Directly loading DICOM objects from Google Cloud or AWS in Python

DICOM files in the IDC are stored as "blobs" on the cloud, with one copy housed on Google Cloud Storage (GCS) and another on Amazon Web Services (AWS) S3 storage. By using the right tools, these blobs can be wrapped to appear as "file-like" objects to Python DICOM libraries, enabling intelligent loading of DICOM files directly from cloud storage as if they were local files without having to first download them onto a local drive.
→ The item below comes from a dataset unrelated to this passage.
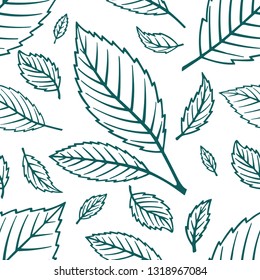 Leaves seamless background. Hand drawn leaves seamless pattern.
Green leaves sketch drawing icons and symbols. Cherry leaves.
Code snippets included in this article are also replicated in this Google Colab tutorial notebook for you convenience: https://github.com/ImagingDataCommons/IDC-Tutorials/blob/master/notebooks/advanced_topics/gcs_aws_direct_access.ipynb

Reading files with Pydicom

Pydicom is popular library for working with DICOM files in Python. Its dcmread function is able to accept any "file-like" object, meaning you can read a file straight from a cloud blob if you know its path. See this page for information on finding the paths of the blobs for DICOM objects in IDC. The dcmread function also has some other options that allow you to control what is read. For example you can choose to read only the metadata and not the pixel data, or read only certain attributes. In the following two sections, we demonstrate these abilities using first Google Cloud Storage blobs and then AWS S3 blobs.

Mapping IDC DICOM series to bucket URLs

All of the image data available from IDC is replicated between public Google Cloud Storage (GCS) and AWS buckets. pip-installable idc-index package provides convenience functions to get URLs of the files corresponding to a given DICOM series.

from idc_index import IDCClient


# Create IDCClient for looking up bucket URLs
idc_client = IDCClient()

# Get the list of GCS file URLs in Google bucket from SeriesInstanceUID
gcs_file_urls = idc_client.get_series_file_URLs(
    seriesInstanceUID="1.3.6.1.4.1.14519.5.2.1.131619305319442714547556255525285829796",
    source_bucket_location="gcs",
)

# Get the list of AWS file URLs in AWS bucket from SeriesInstanceUID
aws_file_urls = idc_client.get_series_file_URLs(
    seriesInstanceUID="1.3.6.1.4.1.14519.5.2.1.131619305319442714547556255525285829796",
    source_bucket_location="aws",
)

From Google Cloud Storage blobs

The official Python SDK for Google Cloud Storage (installable from pip and PyPI as google-cloud-storage) provides a "file-like" interface allowing other Python libraries, such as Pydicom, to work with blobs as if they were "normal" files on the local filesystem.

To read from a GCS blob with Pydicom, first create a storage client and blob object, representing a remote blob object stored on the cloud, then simply use the .open('rb') method to create a readable file-like object that can be passed to the dcmread function.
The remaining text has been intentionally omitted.